The boy’s blood sugar continues to run high, again. We’ve been through this a few times now: the numbers are good, then start to creep up, then stay high. We adjust, based on our most educated guesses and advice from the doctor; the new program works for a while.
We upped his Lantus, per the doctor’s orders, from 14 to 16 units last night, woke up at 2 p.m. to make sure the new amount hadn’t sent him low. (I sleep slightly panicked every night, afraid he’ll drop unexpectedly, fall into a coma or have a seizure without us knowing. Somewhat paranoid, I admit, but I’ve heard enough stories to have braced myself for such an occurrence.)
But again, he’s high, high, high. 395. 395! Bobby fixed a correction, yet another shot. Nick’s arms are pincushions, so little fat to begin with, now sporting tiny bruises from all the needles poked into the same square inches of flesh. We try to vary location, but on a skinny kid, real estate is limited.
At 4:45 a.m., I stepped back up the stairs, knelt down to where he slept on the floor. Why the floor instead of his bed? No idea, but there he was. I lifted his hand to poke a finger, another glucose check. Two of his fingers, still smaller than mine despite the recent growth spurt, already bore dried spots of blood from this long night. I always feel vampiric, despite knowing the bloodletting is for a good cause. One beep acknowledges the blood collected, and while I wait for two, I think, “Please, please, please.”
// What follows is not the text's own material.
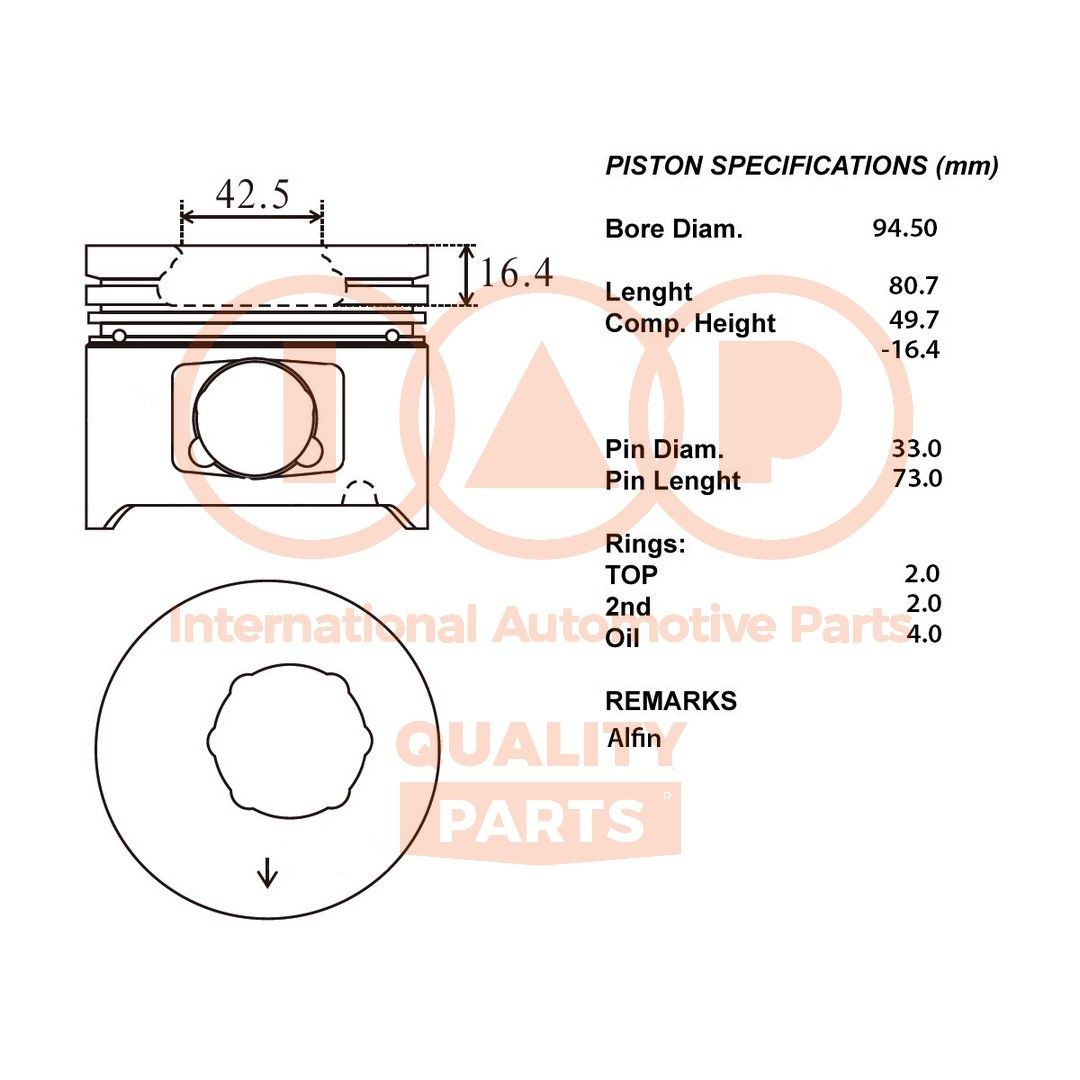 IAP QUALITY PARTS Piston 100-17047 TOYOTA AYGO IAP QUALITY PARTS piston 10017047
But his average is over 200, an unprecedented development that scares him. The fear comes out as anger, frustration in his otherwise accepting attitude. The memory of being so sick, the worry of the damage his body is sustaining along with the elevated glucose – these undermine his efforts to live like any other kid, to not let his disease preempt the myraid activities of his friends. We already can’t keep up financially with the snowboarding and surfing vacations that raise everyone else’s skill level; he accepts that. But when the playing field is level in all other ways, the diabetes interfering – despite his very best efforts – triggers a sense of hopelessness that kills me. Times like this, all I want is too not have to work so much, to be able to spend more time reading, studying, planning, recording, figuring all this out. Life is not like that, I know. If wishes were horses, yes. I am grateful for all we have, etc., etc. But sometimes the desire to be able to help my kid more than I can – I already can’t fix this problem – ah, it’s just so hard to see him suffer and only have “We’ll figure it out! Everything will be okay” to offer.